By Benjamin Chiou
Date: Tuesday 01 Oct 2024
(Sharecast News) - Stocks dropped into the red in late-afternoon trade on Tuesday while oil prices surged on the back of fears that a retaliation by Iran on Israel is imminent.
Brent crude was nearly 4% higher at $74.40 a barrel by the close of play, while global equity markets gave up earlier gains on reports that Iran was preparing to launch a ballistic missile attack against Israel.
An unnamed White House official was quoted as saying that the US government had "indications" that an attack was imminent, and that the US were "actively supporting defensive preparations to defend Israel".
Tensions were already high after Israeli troops crossed the border in southern Lebanon and continued shelling areas nearby along with airstrikes on the capital, Beirut. The invasion is an escalation after the assassination of Hezbollah leader Hassan Nasrallah on Friday.
The Stoxx 600, which earlier had risen following data showing a drop in eurozone inflation, swung sharply lower to close with losses of 0.44%, with most major indices across Europe finishing lower.
''A relatively quiet session turned into full risk-off mode amid unconfirmed threats of an imminent missile attack by Iran on Israel", said Axel Rudolph, senior technical analyst at IG.
Eurozone inflation drops
In economic news, eurozone inflation fell below the European Central Bank's 2% target for the first time since 2021, boosting hopes of further interest rate cuts in the single currency bloc. A flash estimate from European Union statistics body Eurostat said annual inflation across the euro area was 1.8% in September 2024, down from 2.2% in August and its lowest since April 2021.
"We think that the ECB is slightly more likely than not to proceed with a rate cut at the October meeting. But with services inflation remaining stubbornly high, the decision to cut or stay put is on a knife edge," said Rory Fennessy, senior economist at Oxford Economics.

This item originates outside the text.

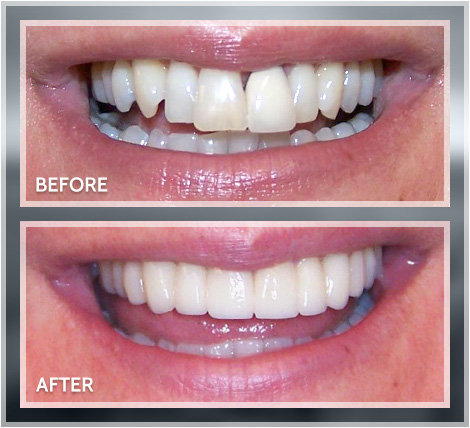 Front teeth repair 🔥###trinidaddentist #trini_tiktoks #cosmeticbondin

However, the state of manufacturing in the eurozone remained a concern as a survey show the sector's downturn deepened in September with activity contracting at its sharpest rate this year.
Final estimates from S&P Global and HCOB confirmed the manufacturing purchasing managers' index (PMI) showed a print of 45 for last month. While the PMI was revised slightly higher than the initial estimate of 44.8 released last week, this was still down from 45.8 over the preceding three months and the worst level since December 2023.
Market movers
Oil stocks were following crude prices higher, with BP, Shell and TotalEnergies all higher. The French outfit was also rising after announcing on Tuesday that it is investing $10.5bn into the GranMorgu offshore oil field in Suriname, said to hold recoverable reserves estimated at over 750 million barrels.
Shares in Covestro jumped 4% as Abu Dhabi state oil giant ADNOC said it had agreed to buy the German chemicals producer for €14.7bn.
Greggs fell 5% despite the UK bakery chain holding guidance. However, news that top-line growth was slowing against tougher comparable periods last year did not impress investors.